The wind theory has its roots back to the German mathematician Karl Zöppritz (1838-1885). He created a model in the 19th century, which showed that the wind can cause vertical stirring of warm and cold temperature profiles in the ocean. This became the prevailing opinion, right up to our time. 

In 1980´sThen came the climate models. Models that calculated that greenhouse gases can lead to global warming of the atmosphere and sea surface temperature. Man-made global warming has been a prevailing opinion the last 20 years.

Studies of long time series has revealed astronomic signature temperature variations. The temperature of the of warm Atlantic water inflow to the Norwegian Sea and the Barents Sea has been recorded by marine research in Aberdeen and Murmansk since 1900. The timeseries now represent the world’s longest oceanographic temperature timeseries. They reveal that the sea temperature in the Norwegian Sea and the Barents Sea has periodic changes of approx. 18 and 74 years. These are periodic changes that can be traced back to tides, ocean currents, changes in the Earth’s rotation and the moon’s elliptical orbit. It confirms that the sea temperature is controlled by nature’s own rhythm.

Figure 2. Identified temperature cycles of 18.6 years (blue) and 4*18.6 = 74.44 years (yellow) in the Barents Sea. Index (red) is the sum of the temperature cycles.

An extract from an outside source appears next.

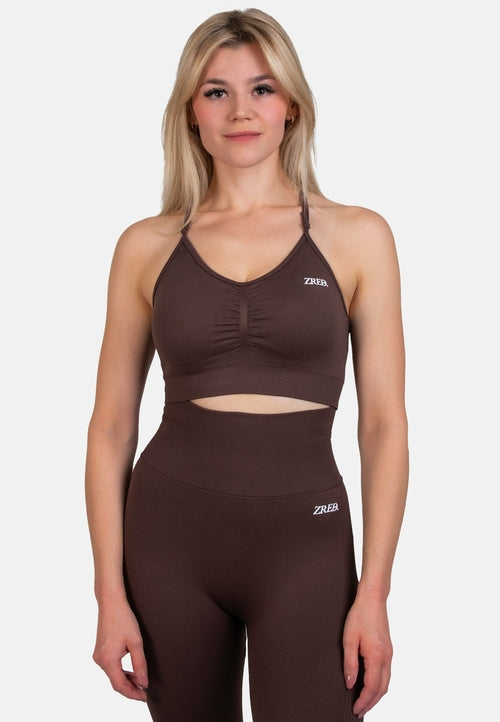 W&H Atelier Espresso Seamless Sports Bra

Figure 2 shows identified temperature cycles of 18.6 years (blue) and 4*18.6 = 74.44 years (yellow) in the Barents Sea for the years 1900 to 2050. The period of 74.44 years causes a warmed sea and a warm climate in the years (1922-1960), a cold period (1960-1996), warm period (1996-2036), and an expected new cold climate period (2036-2074). The sum of the periods (red) causes a deep temperature minimum in the years 1903, 1978 and 2052.

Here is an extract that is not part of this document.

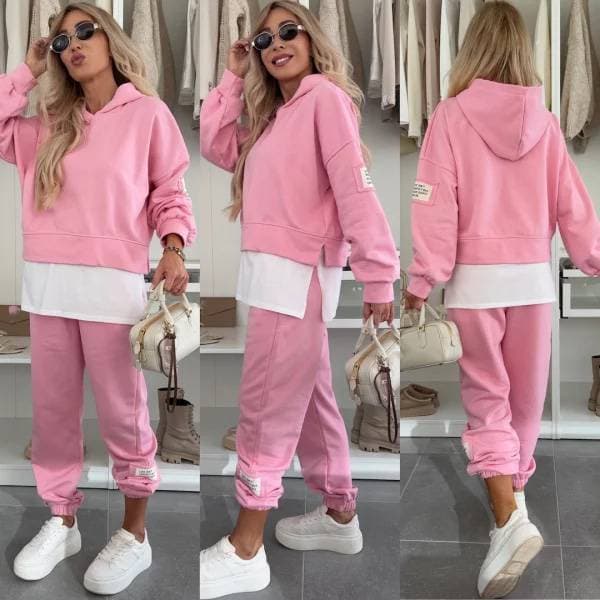 New Style Hooded Fashion Solid Color Casual Sports Suit For Women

Temperature cycles and recruitment

It appears from Figure 1 and Figure 2 that there is a direct connection between the temperature cycles and recruitment of Norwegian Arctic cod. Recruitment was greatly reduced in the cooling period from 1950 to 1979. There was a new recruitment growth when there was a new warming period from 1978 to 2006. A new cooling period is expected in the years 2025 to 2052. The stock of cod had the best recruitment (immature 3-year class) around the years [1953, 1968, 1986, 1993, 2010]. The temperature cycles had a maximum in the years [1950, 1968, 1988, 2006]. Th mean difference between maximum recruitment and the stationary temperature cycles is  only 2.25 years.

There is a direct connection between cod recruitment and temperature cycles, with an astronomical reference. This means that the idea of a man-made global warming has been rushed. A cooling Barents Sea reveals a longer period of reduced recruitment.

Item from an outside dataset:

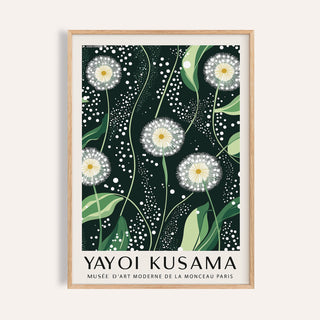 Dark green wall art featuring dotted dandelion patterns and flowing stems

At the same time, the discovery of predictable periodic changes will form a basis for a more predictable management of ecosystems and more predictable investments in the fishing industry.

References

1. Yndestad H. (1999). Earth nutation influence on system dynamics of Northeast Arctic cod. ICES Journal.
2. Yndestad H. (2001). Earth nutation influence on Northeast Arctic cod management. ICES Journal.
3. Yndestad H. (2003). The code of the long-term biomass cycles in the Barents Sea.
4. Yndestad H. (2004). The cause of Barents Sea biomass dynamics. Journal of Marine Systems.
5. Harald Yndestad, William R Turrell, Vladimir Ozhigin. 2004. Temporal linkages between the Faroe-Shetland time series and the Kola section time series. ICES CM 2004/M. Maastricht. Theme Session M. Regime Shifts in the North Atlantic Ocean: Coherent or Chaotic? 
6. Yndestad H. (2006). The influence of the lunar nodal cycle on Arctic climate. ICES Journal.
7. Yndestad Harald; William R. Turrell; Ozhigin Vlatimir. (2008). Lunar nodal tide effects on variability of sea level, temperature, and salinity in the Faroe-Shetland Channel and the Barents Sea. Deep-Sea Research I.
8. Yndestad H 2018. Climate Clock. The Barents Sea temperature.
9. Yndestad H. 2022. Jovian Planets and Lunar Nodal Cycles in the Earth’s Climate Variability Frontiers in Astronomy and Space Sciences. May 10. 2022. https://doi.org/10.3389/fspas.2022.839794.
10. Yndestad H 2023. Video foredrag.
    Bestandsutvikling og periodisering. Skippermøtet 2023.